=== Data records ===
_ _ _ _

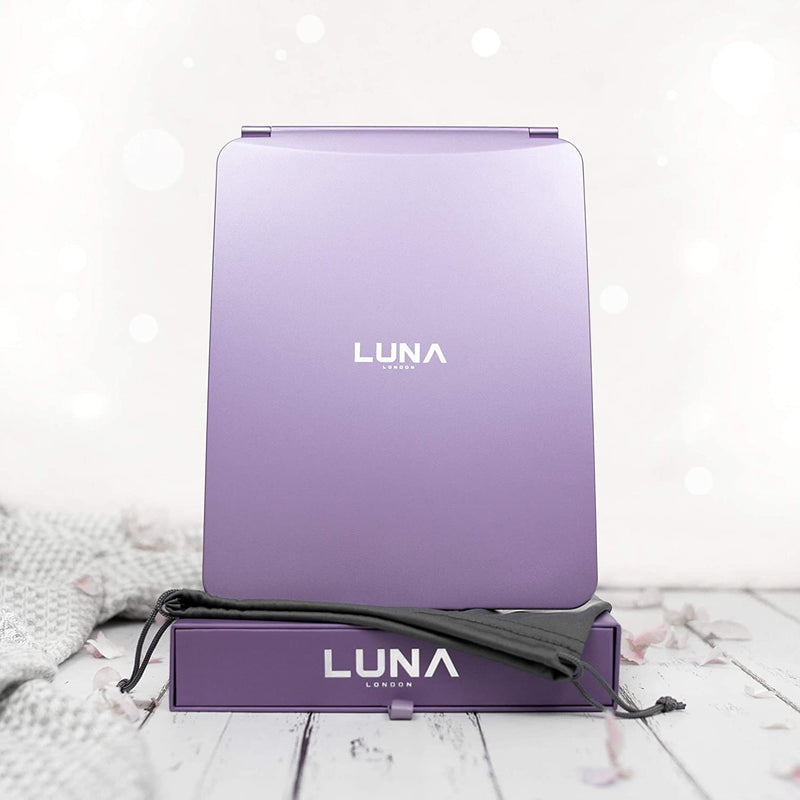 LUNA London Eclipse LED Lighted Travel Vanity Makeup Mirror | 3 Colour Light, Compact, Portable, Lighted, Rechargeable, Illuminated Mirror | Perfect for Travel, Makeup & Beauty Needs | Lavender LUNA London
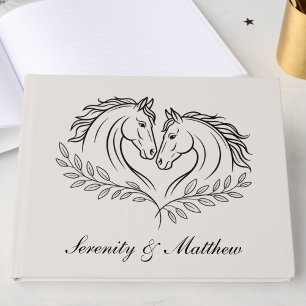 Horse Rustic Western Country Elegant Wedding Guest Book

_ _ _ _

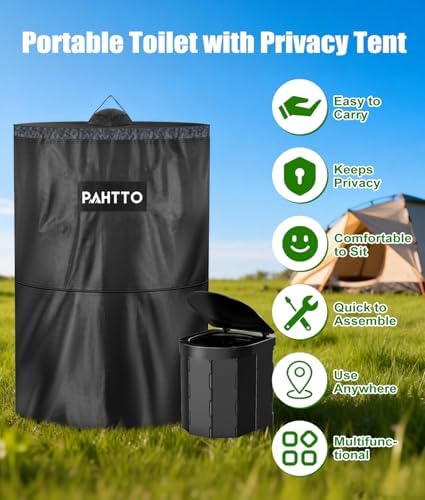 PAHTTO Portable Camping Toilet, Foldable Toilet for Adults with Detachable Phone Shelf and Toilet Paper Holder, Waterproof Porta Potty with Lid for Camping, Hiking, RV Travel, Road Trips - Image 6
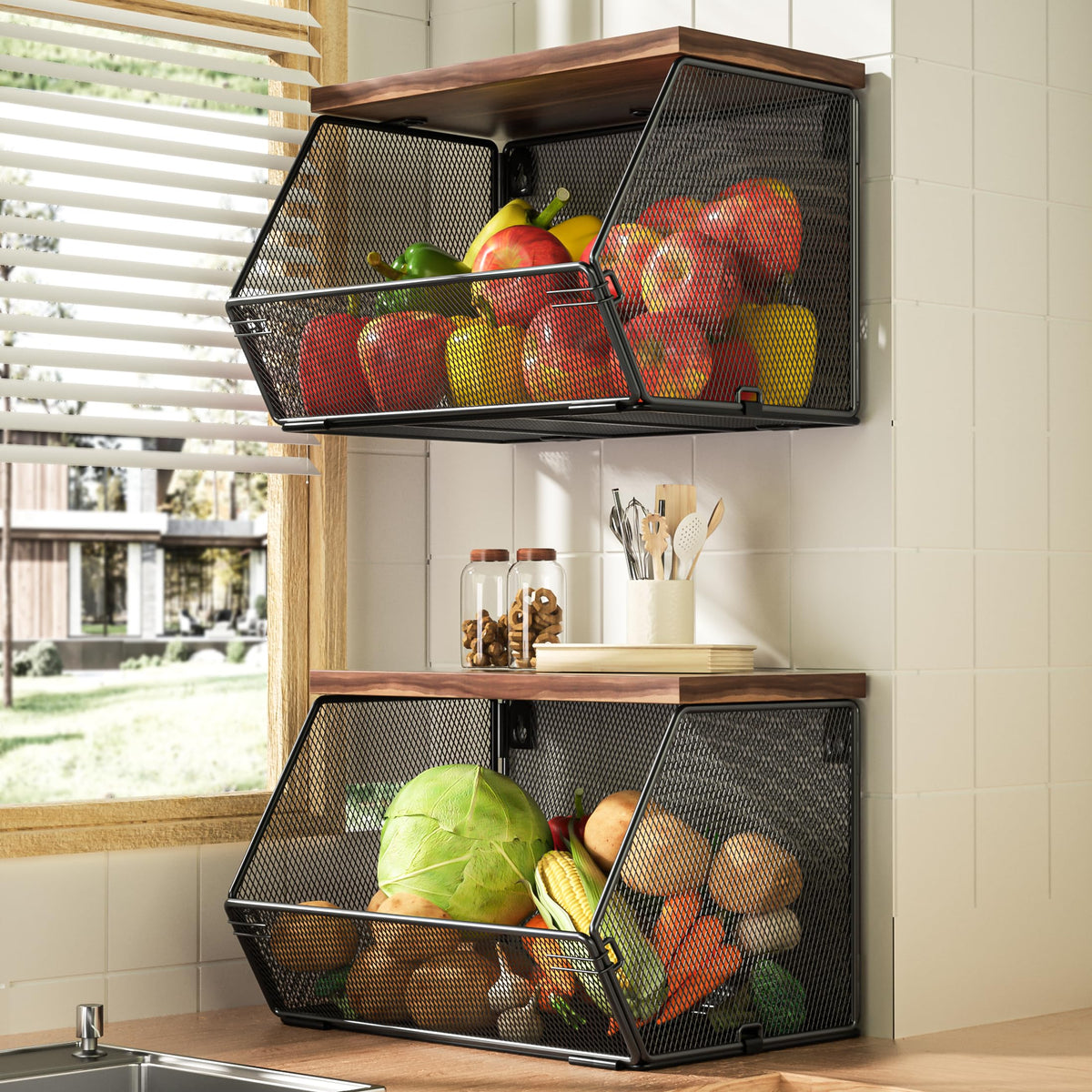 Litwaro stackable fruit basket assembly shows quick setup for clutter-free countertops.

_ _ _ _

=== Instructions to follow ===
Reproduce the listing above only between the lines holding "LUNA London Eclipse" and "Horse Rustic Western", inclusive. Every line must match exactly, and pictures are dropped.

=== Task response ===
 LUNA London Eclipse LED Lighted Travel Vanity Makeup Mirror | 3 Colour Light, Compact, Portable, Lighted, Rechargeable, Illuminated Mirror | Perfect for Travel, Makeup & Beauty Needs | Lavender LUNA London
 Horse Rustic Western Country Elegant Wedding Guest Book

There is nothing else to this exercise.